Minimal normal subgroup of a finite group.


by moont14263
Tags: finite, minimal, normal, subgroup
moont14263
moont14263 is offline
#1
Nov20-12, 01:04 PM
P: 39
I have Theorem 1 from a research paper.

Theorem 1. Suppose that [itex]G[/itex] is a finite non-abelian simple group. Then there exists an odd prime [itex]q \in \pi(G)[/itex] such that [itex]G[/itex] has no [itex]\{2, q\}[/itex]-Hall subgroup.

I have Theorem 2 from a book.

Theorem 2. If [itex]H[/itex] is a minimal normal subgroup of [itex]G[/itex], then either [itex]H[/itex] is an elementary abelian [itex]p[/itex]-group for some prime [itex]p[/itex] or [itex]H[/itex] is the direct product of isomorphic nonabelian simple groups.

I like to know if the contradicition in this argument is true.

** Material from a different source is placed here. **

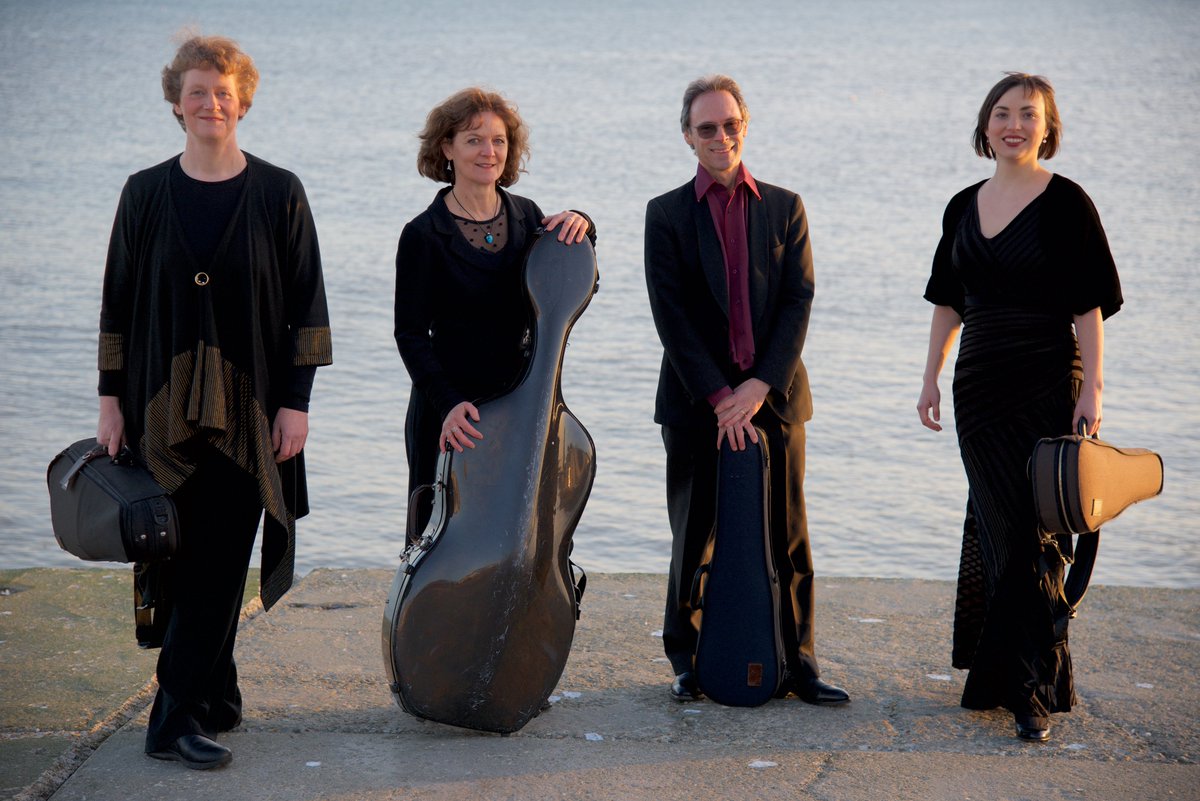 pinnermusicfest's tweet photo. 4 weeks 'til we welcome @RDR_4tet for Donizetti, Haydn, Schubert https://t.co/eG7LihKx4z June 9 @ 7:30pm. Book online now. #StringQuartet https://t.co/qFunaEZEl4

Let [itex]N[/itex] be a minimal normal subgroup of a finite group [itex]G[/itex] with [itex]2[/itex] divides the order of [itex]N[/itex] and [itex]N[/itex] is not a [itex]2[/itex]-group. Let [itex]P[/itex] be a Sylow [itex]2[/itex]-subgroup of [itex]N[/itex]. Suppose that for each prime [itex]q \neq 2[/itex] dividing the order of [itex]N[/itex], there exists a Sylow [itex]q[/itex]-subgroup [itex]Q[/itex] of [itex]N[/itex] such that [itex]PQ[/itex] is a subgroup of [itex]N[/itex]. Cleary, [itex]N=T_{1}T_{2}...T_{r}[/itex] for some postive intger [itex]r[/itex], where each [itex]T_{i}[/itex] is a nonabelian simple group. Let [itex]T[/itex] be one of the [itex]T_{i}[/itex]. It is clear that if some prime divides the order of [itex]N[/itex] then this prime must divide the order of [itex]T[/itex] as [itex]|N|=|T|^{r}[/itex]. Since [itex]T[/itex] is normal in [itex]N[/itex], then [itex]T \cap PQ=(T \cap P)(T \cap P)[/itex] (I Know that this statement is true so do not bother checking it). So, [itex]T[/itex] is a finite nonableian simple group with Hall [itex]\{2,q\}[/itex]-subgroup for each odd prime dividing the order of [itex]T[/itex] which contradicts Theorem 1.

Thanks in advance.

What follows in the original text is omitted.